Причин две: поверхностная и более глубинная. Та, что «на поверхности», проста – наука, как процесс получения нового знания, всегда зависит от властных структур, без их финансовой поддержки она существовать не может. «Глубинная» причина так же понятна: Академия наук, получая средства от большевиков, не станет работать на них (так, по крайней мере в первое время, думали академики) – ведь наука не служит народу, наука не пресмыкается перед властью, она имеет только одну цель: поиск Истины, а Истина не может быть угодной или неугодной, полезной или бесполезной.
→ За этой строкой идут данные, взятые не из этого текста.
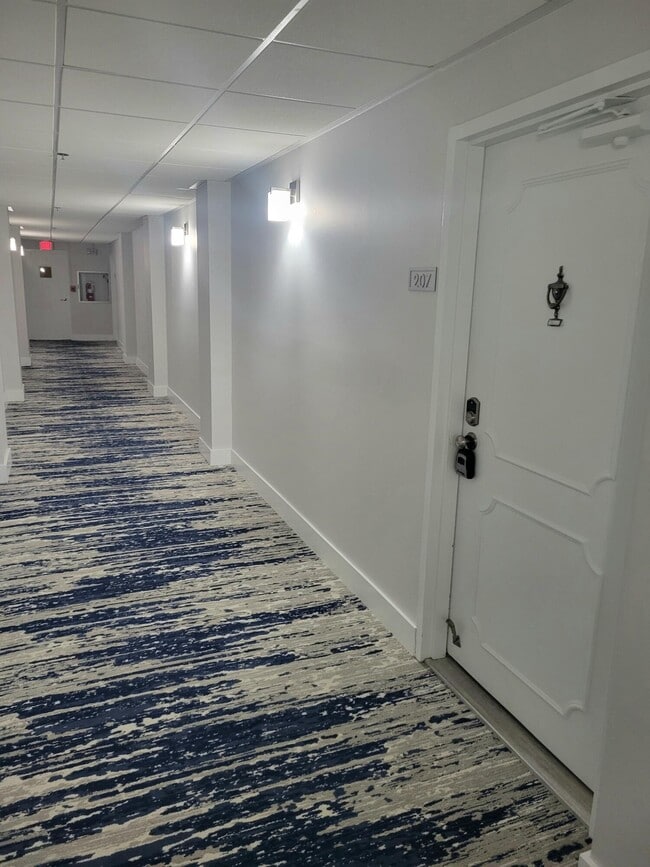 Building Photo - 3221 S Ocean Blvd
Позиция эта, надо сказать, была не просто искренней, но единственно верной. Поэтому Академия наук ни на один день не прекращала работу и после Октябрьского переворота.

Самые первые контакты руководства Академии наук с советской властью прослежены достаточно подробно [300], в том числе и автором этой работы [301]. Поэтому в данном случае сосредоточим внимание не столько на хорошо известных фактах, сколько на их трактовке. Ранее, по понятным причинам, они толковались с явным смещением акцентов, а вся проблема преподносилась как равноправные переговоры достойных друг друга партнеров, хотя на самом деле это были, конечно, не переговоры, а просто политическая игра, ибо Ленину было далеко не безразлично, как отнесется к идеологии «пролетарской революции» интеллектуальная элита России. Хотя все приличия и были соблюдены: визиты представителя Наркомпроса в Академию наук, обмен посланиями на «высшем уровне» и тому подобный декорум.
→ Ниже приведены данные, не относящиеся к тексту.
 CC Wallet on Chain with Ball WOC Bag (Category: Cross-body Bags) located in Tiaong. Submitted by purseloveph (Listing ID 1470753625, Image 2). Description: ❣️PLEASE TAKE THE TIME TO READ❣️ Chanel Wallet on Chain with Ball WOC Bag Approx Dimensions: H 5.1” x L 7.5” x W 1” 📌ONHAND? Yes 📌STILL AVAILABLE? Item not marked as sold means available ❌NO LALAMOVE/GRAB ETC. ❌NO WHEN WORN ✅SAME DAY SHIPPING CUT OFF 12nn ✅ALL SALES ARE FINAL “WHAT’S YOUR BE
Интересен и другой разворот вопроса: «переговоры» Академии наук с Наркомпросом велись в январе-марте 1918 г., т.е. в самом начале гражданской войны, исход которой тогда был абсолютно неясен. На карту поэтому были поставлены не только политическая зрелость, но и нравственные ориентиры русских ученых…

Начинался 1917 год тревожными известиями с фронтов I Мировой войны, нараставшим продовольственным кризисом и непримиримым противостоянием Думы и Правительства. В конце февраля этот политический нарыв лопнул и на страну вдруг обрушилась неуправляемая лавина «свобод».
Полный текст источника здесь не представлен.